My attention was mostly focused on a dime that lay underneath the truck. I didn’t know where it had come from, but if no one claimed it, I was planning to pick it up once the truck moved.

Things just kind of exploded. A very angry man cursed, and we turned toward where the kid had run. “Nobody is going to cheat my son!” he bellowed between snarls of profanity. Before we could even react, he sprang off the porch and ran straight at the truck, much faster than one would expect of a drunk. Kids moved back just a couple of few feet, anticipating an argument. The ice cream man was exposed to the father’s full fury.

“You cheated my son!” he spat, and with one swift motion, he raised a butcher knife from alongside his thigh and cut the throat of the ice cream man, who had no chance to explain anything. He just gurgled. The father had sliced his neck deep, laying the meat open. The ice cream man fell back into the truck bleeding. The angry father stomped off and sat back on his porch. We squealed and ran. We told mother what had happened to the ice cream man, and I mentioned the stray dime beneath the truck. I wondered if the kid had dropped it. I would never know for sure.

We followed Doris down there a bit later. The truck was still there, and the police were taking an even drunker father off that porch. We couldn’t get close enough to tell anyone about the dime beneath the truck.

Now he really slurred when he shouted about the expletive ice cream man who cheated his son out of a dime. They handcuffed him and stuffed him into a police car. Someone had already shut off the ice cream man’s music.

It was final. The ice cream man never came back. No other ice cream man ever took his place. My Dad ran into his daughter about ten years ago near Gratis. The family still has his truck.

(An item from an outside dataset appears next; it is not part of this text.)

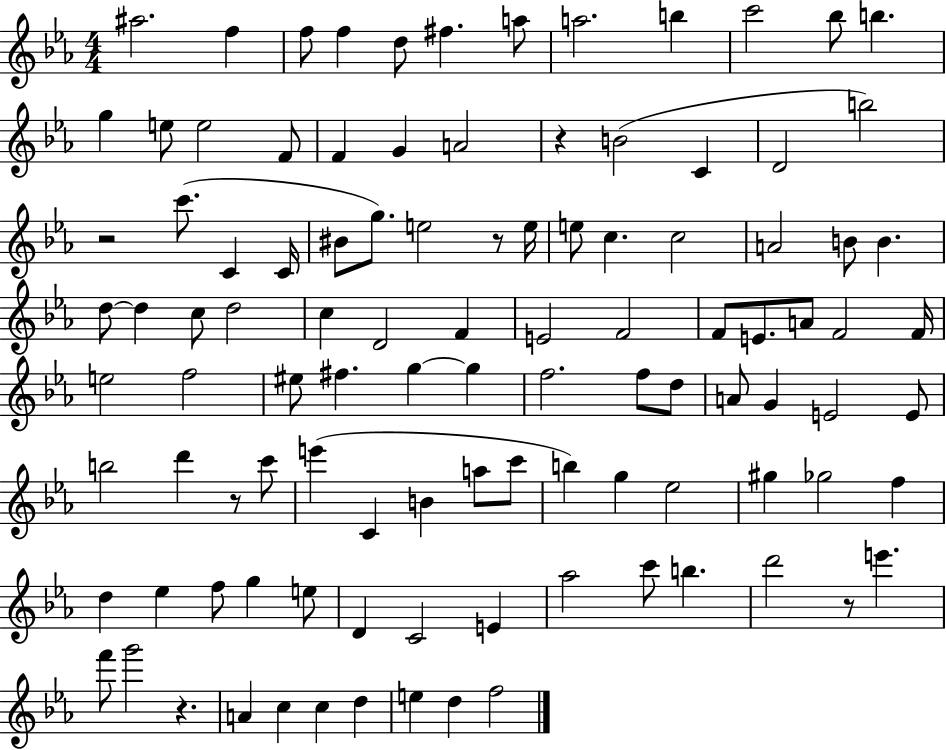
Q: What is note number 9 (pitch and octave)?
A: B5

We miss you, ice cream man. You were nice, and fifty years later you are still remembered by the kids you were nice to.
***   ***

About Dean Bonner

C. D. (Dean) Bonner left the tarpaper shacks of Appalachia for a long military career, rising through the enlisted and officer ranks. He was a skilled Morse telegrapher and a calming voice during many search and rescue cases. He left a town of 300 souls to travel the world, living in Boston, New Orleans, DC, and even on the island of Guam for a couple of years. C. D. has a taste for things archaic, such as restoring Studebaker automobiles and antique tube radios, and is a weekend gold prospector. His partner PJ, a multi-talented artist, shares these same interests. Together, they travel and spend time at homes in Alabama and Virginia. C. D. has several upcoming projects, including recording several CDs of original humor for satellite radio and writing a new compilation of short stories. Dean worked as a weekly columnist for The Dadeville Record. He is a freelance writer for Lake Magazine and for Lake Martin Living Magazine. His feature articles have been published in The Republic arts magazine, in The Alexander City Outlook, and in The Lafayette Sun.